Is humility a paradoxical component of expertise? Not really: an expert is first and foremost one who continues to learn – and this seems to apply as much to psychotherapists as it does to other professions. As Joshua Hook, a counselling psychologist at the University of North Texas and the co-author of Cultural Humility (2017), and his colleagues put it recently: ‘At face value, humility may appear to be the opposite of expertise, but we argue that humility is foundational [for achieving clinical excellence].’ Taken all together, the growing evidence for the benefits of therapist humility supports the early observation of the Danish philosopher Søren Kierkegaard, writing in 1859, that ‘all true helping begins with a humbling’.
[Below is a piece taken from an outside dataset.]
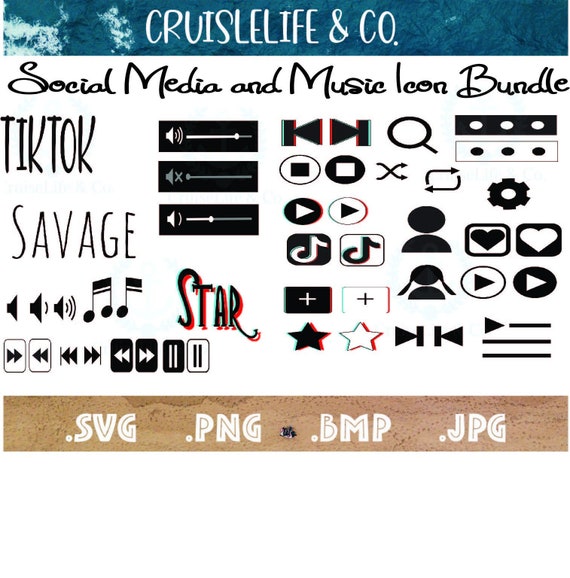 Download Music Icon Bundle Svg Audio Bar Svg Tiktok Icons Volume Etsy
However, therapist humility on its own is not sufficient for therapy to be effective. In our latest study, we assessed how much therapists treat themselves in a kind and forgiving manner in their personal lives (ie, report more ‘self-affiliation’) and their perceptions of themselves professionally. We anticipated that therapists’ level of personal self-affiliation would enhance the effect that professional self-doubt has on therapeutic change. Our hypothesis was supported: therapists who reported more self-doubt in their work alleviated client distress more if they also reported being kind to themselves outside of work (in contrast, therapists who scored low on self-doubt and high on self-affiliation contributed to the least change).
We interpreted this finding to imply that a benign self-critical stance in a therapist is beneficial, but that self-care and forgiveness without reflective self-criticism is not. The combination of self-affiliation and professional self-doubt seems to pave the way for an open, self-reflective attitude that allows psychotherapists to respect the complexity of their work, and, when needed, to correct the therapeutic course to help clients more effectively.
What does all this mean? At a time when people tend to think that their value is based on how confident they are and that they must ‘sell themselves’ in every situation, the finding that therapist humility is an underrated virtue and a paradoxical ingredient of expertise might be a relief. I’ve certainly found that the findings on the importance of humility resonate with therapists, many of whom have been skeptical of overly confident practitioners in therapy and other fields. Now we need to incorporate the message that humility is an important therapist quality into training and supervision. Part of this will involve a cultural change, so that qualified therapists can act as role-models of humility, to clients and to students, without fear of ‘losing face’ or authority.